## RECORDS SUPPLIED
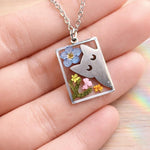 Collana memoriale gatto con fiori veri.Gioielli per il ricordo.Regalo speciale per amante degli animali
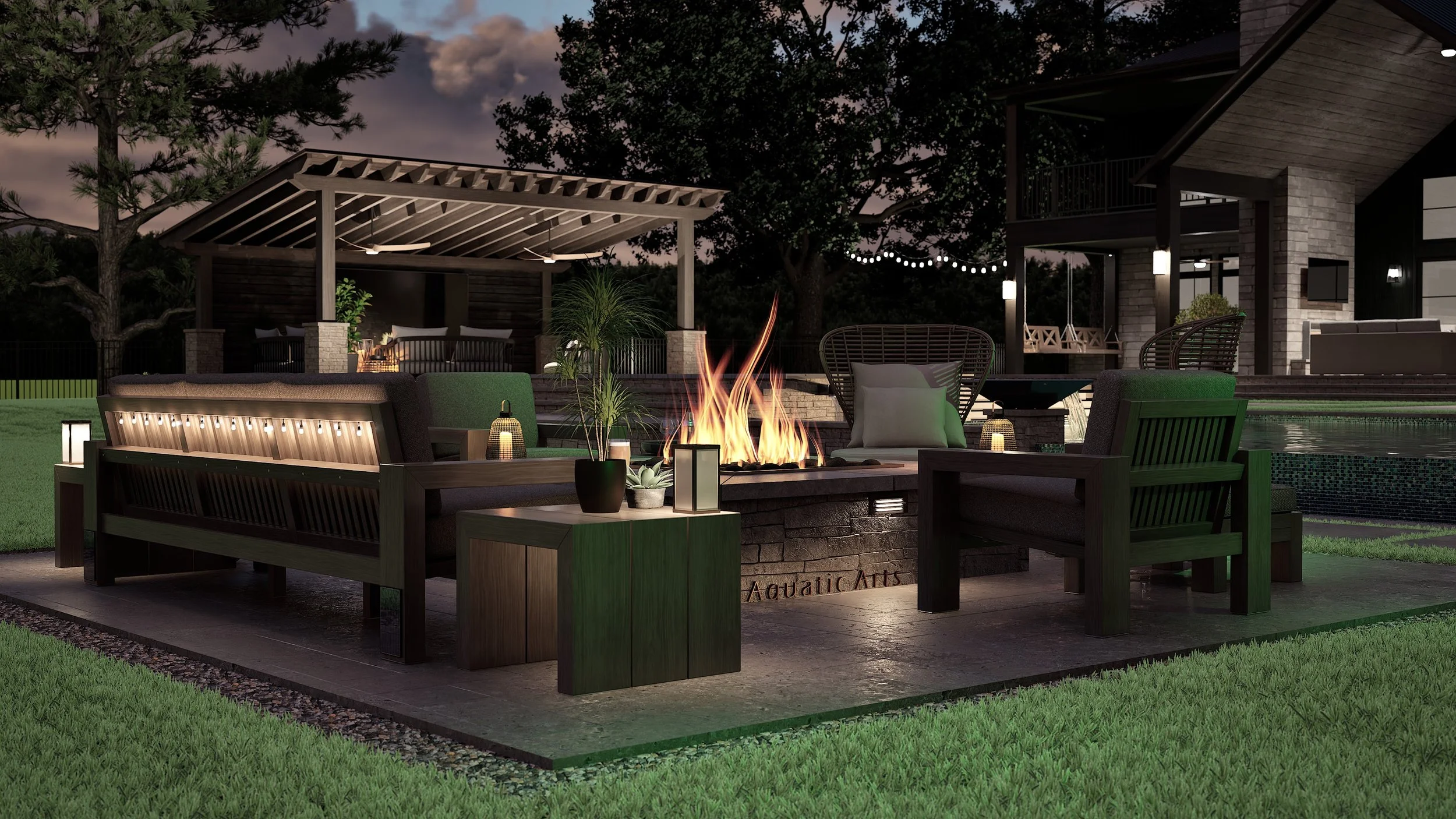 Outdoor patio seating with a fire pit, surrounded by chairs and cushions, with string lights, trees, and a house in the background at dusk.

--

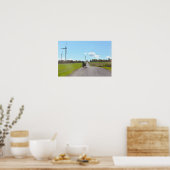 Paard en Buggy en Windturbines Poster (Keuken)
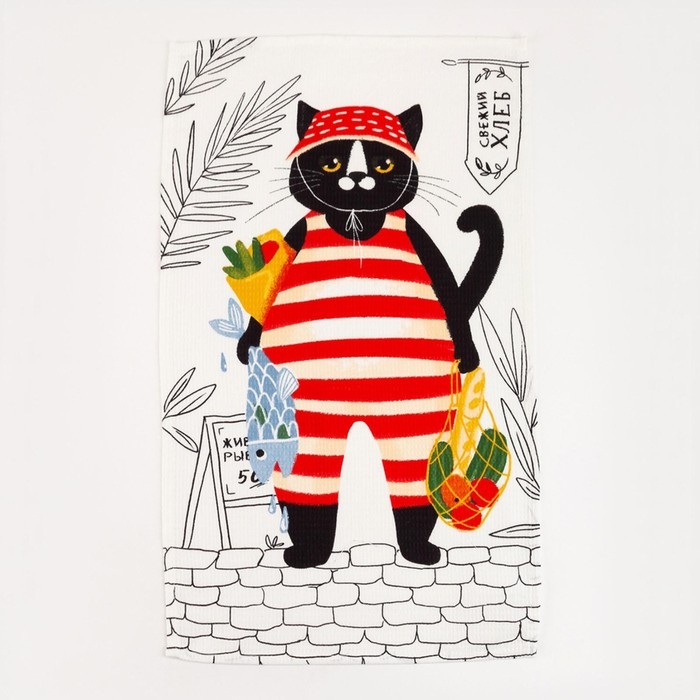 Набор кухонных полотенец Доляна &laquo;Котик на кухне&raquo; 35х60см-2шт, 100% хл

## TASK REQUIREMENTS
Reproduce the lines above starting at the one with "Collana memoriale gatto" and ending at the one with "Outdoor patio seating", both included, exactly and with no pictures.

## TASK RESPONSE
 Collana memoriale gatto con fiori veri.Gioielli per il ricordo.Regalo speciale per amante degli animali
 Outdoor patio seating with a fire pit, surrounded by chairs and cushions, with string lights, trees, and a house in the background at dusk.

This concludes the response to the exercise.